Rapat Paripurna Senat Akademik Unhas untuk mengukuhkan Profesor ke-586, 587, 588, dan 589 Unhas tersebut dipimpin Ketua Senat Akademik Prof. Dr. Bahruddin Thalib, drg, M.Kes, Sp.Pros (K) dan dihadiri Ketua dan Anggota Majelis Wali Amanat (MWA), Rektor Unhas Prof. Dr. Jamaluddin Jompa, M.Sc, Ketua Dewan Profesor Prof. Dr. Andi Pangeran Moenta, SH, DFM, para anggota Senat Akademik Unhas, pimpinan dan tenaga akademik FIB dan FISIP Unhas beserta keluarga para Profesor yang dikukuhkan.
Munira Hasjim yang lahir di Sungguminasa 10 Mei 1971 itu mengatakan, bahasa bisa menjadi alat untuk merangkul, tetapi juga bisa menjadi senjata untuk memukul. Bahasa adalah jantung kemanusiaan dan hadir bukan semata-mata untuk menyampaikan informasi, melainkan juga menjalin makna, membangun hubungan, dan memelihara harmoni dalam dalam kehidupan.
Dia menyebutkan, dari seluruh perjalanan akademik yang ditempuhnya dalam bidang sosiolinguistik, semakin yakin bahwa bahasa bukanlah sekadar alat, melainkan ia adalah cermin dari struktur sosial dan budaya masyarakat dan alat legitimasi simbolik.
“Di sinilah letak urgensi kita semua -- khususnya kalangan akademisi -- untuk tidak hanya memahami bahasa secara struktural, tetapi juga secara fungsional dan etis,” ujar Profesor lulusan Bahasa Indonesia Fakultas Sastra Unhas 1994 tersebut dalam orasinya berjudul “Bahasa dan Martabat Sosial: Suatu Analisis Sosiolinguistik Transformatif dalam menjawab Disrupsi Komunikasi di era Digital”.

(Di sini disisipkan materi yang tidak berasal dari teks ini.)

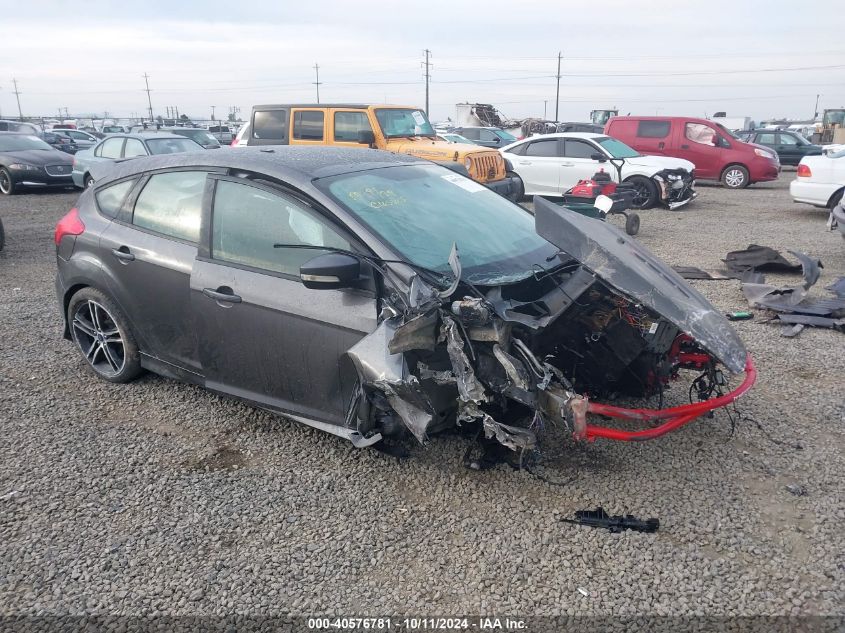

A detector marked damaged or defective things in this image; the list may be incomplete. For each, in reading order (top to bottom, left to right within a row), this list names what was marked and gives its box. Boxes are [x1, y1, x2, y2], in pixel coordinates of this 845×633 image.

Alumni Magister UGM 2004 ini menyebutkan, melalui pendekatan sosiolliguistik transformatif yang ditawarkannya mengajak semua pihak menghidupkan kembali fungsi luhur bahasa sebagai penjaga martabat manusia dan pemersatu bangsa. Dalam era digital yang penuh dengan kebisingan dan percepatan ini, hendaknya kita meletakkan nilai-nilai kesantunan, empati, dan inklusivitas sebagai fondasi dalam berbahasa.
“Mari kita ubah cara menggunakan bahasa, bukan untuk menyakiti, melainkan untuk menyembuhkan. Bukan untuk memecah, melainkan untuk menyatukan,” kata lulusan Doktor Unhas tahun 2015 itu.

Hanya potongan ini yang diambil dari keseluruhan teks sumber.